§ Provided data

= = = =

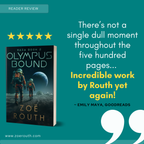 Book cover of 'Olympus Bound' with a five-star rating and positive review text on a teal background.
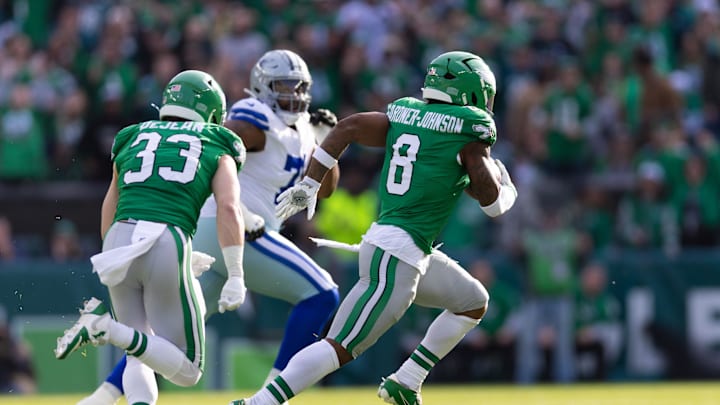 Dec 29, 2024; Philadelphia, Pennsylvania, USA; Philadelphia Eagles safety C.J. Gardner-Johnson (8) runs for a touchdown after his interception against the Dallas Cowboys during the first quarter at Lincoln Financial Field.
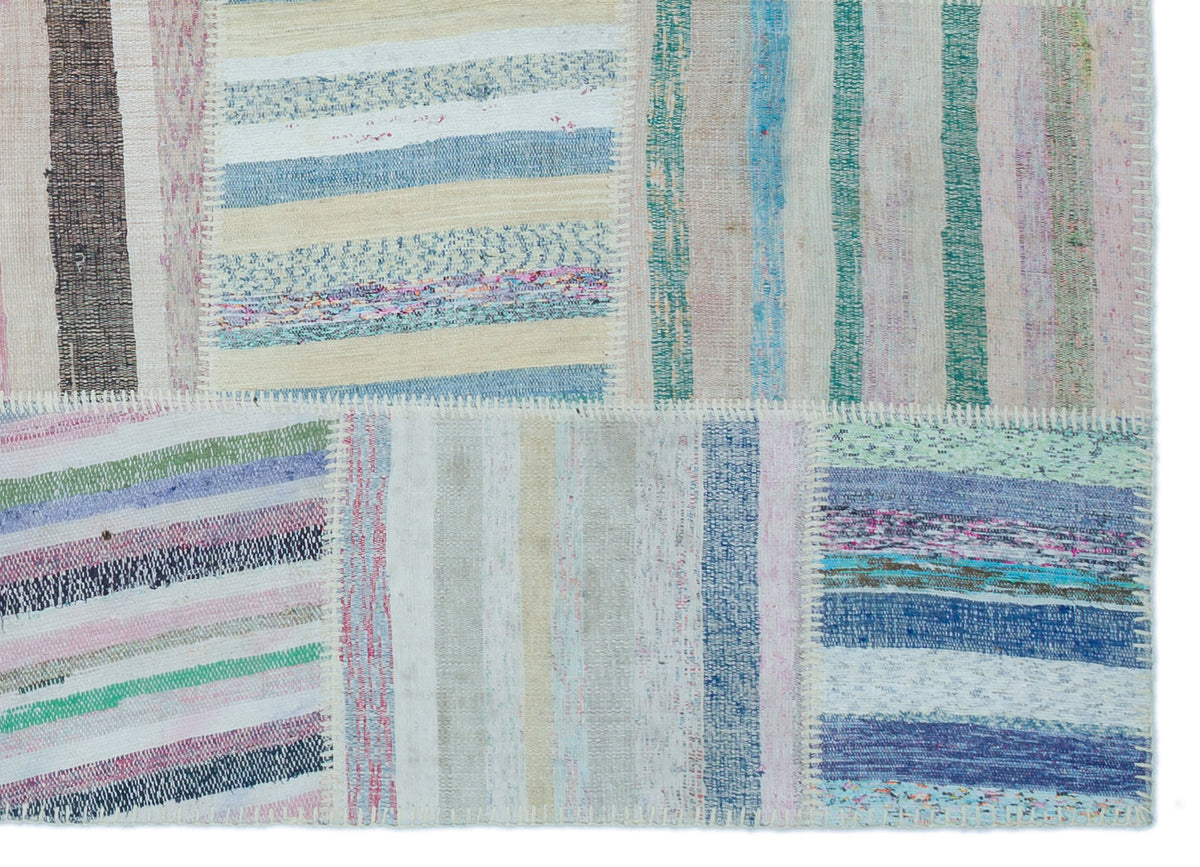 Striped Over Dyed Kilim Patchwork Unique Rug 5&#39;3&#39;&#39; x 7&#39;3&#39;&#39; ft 160 x 220 cm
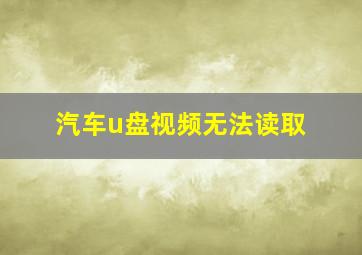 汽车u盘视频无法读取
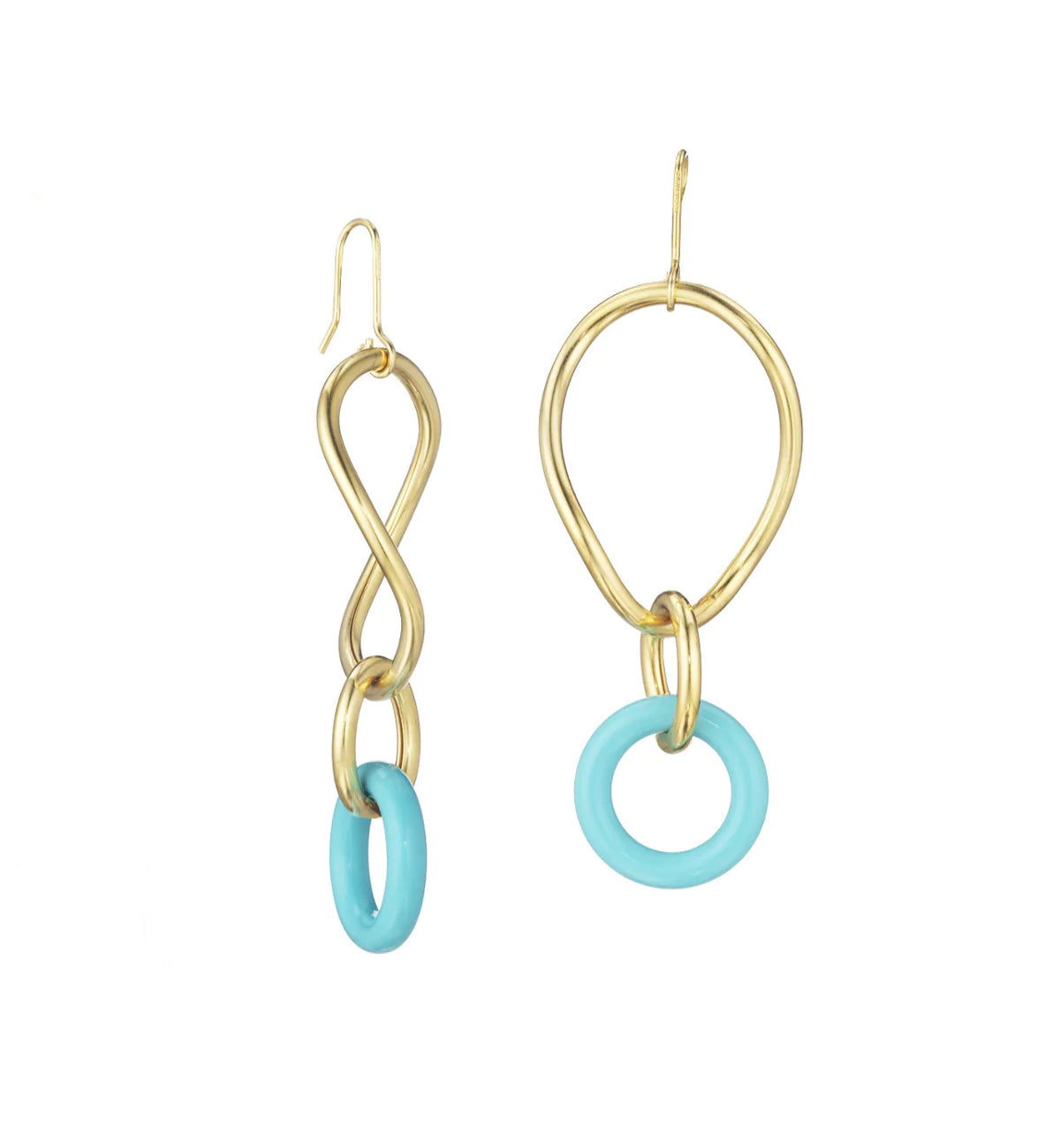 Via Coquina LLC Faraone Mennella Stella 18K Gold Earrings Small Turquoise Links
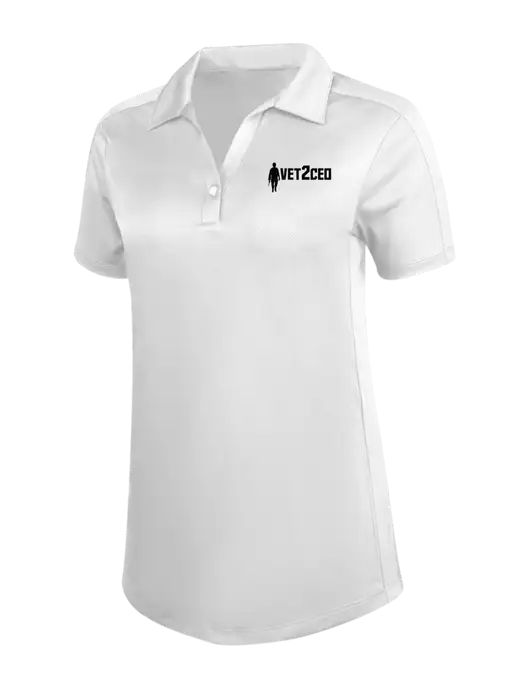 Womens White Diamond Jacquard Polo w/Vet2CEO Logo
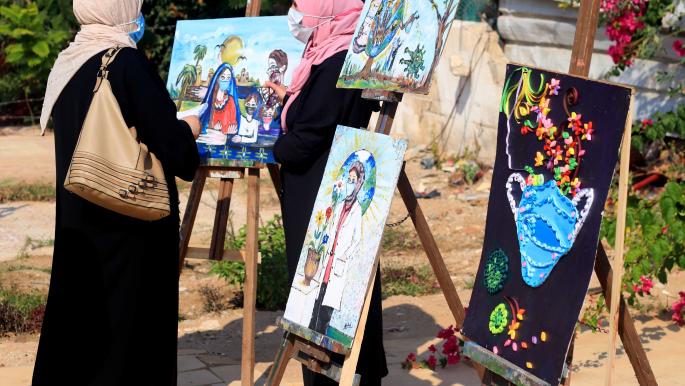IMG 8589%20copy 0 - فنانو غزة ينشرون التوعية بمخاطر كورونا 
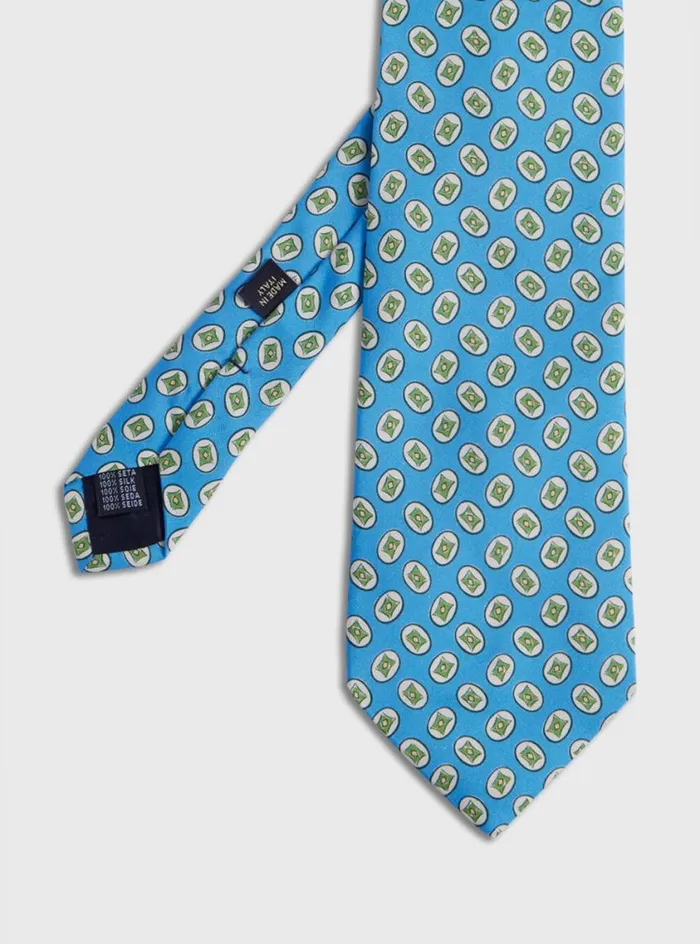 Men Paul Stuart Ties Silk Tossed Oval Print Tie Blue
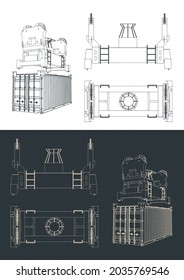 Stylized vector illustration of blueprints of auto-lock frame container spreader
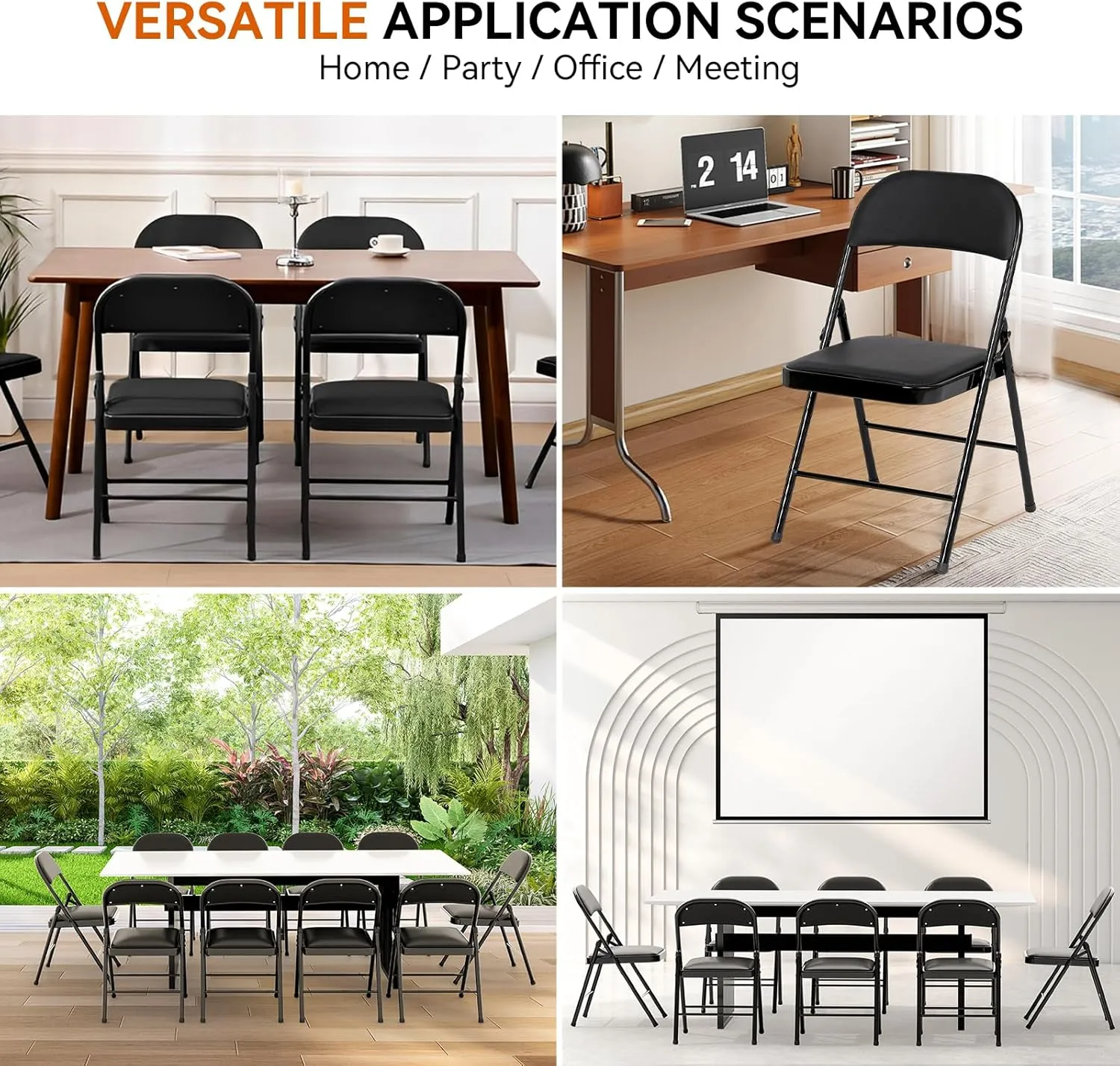 6 Pack Folding Chairs with Cushion – Padded Foam Seating Black Space-Saving Foldable Chairs for Indoor Outdoor Weddings, Parties, Backyard & Office Events (Black, 6 Pack)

= = = =

§ Assignment
Using the listing above, copy every line from the line containing "Stylized vector illustration" through the last one, both included, and no other lines. Pictures stay out.

§ Reply to the exercise
 Stylized vector illustration of blueprints of auto-lock frame container spreader
 6 Pack Folding Chairs with Cushion – Padded Foam Seating Black Space-Saving Foldable Chairs for Indoor Outdoor Weddings, Parties, Backyard & Office Events (Black, 6 Pack)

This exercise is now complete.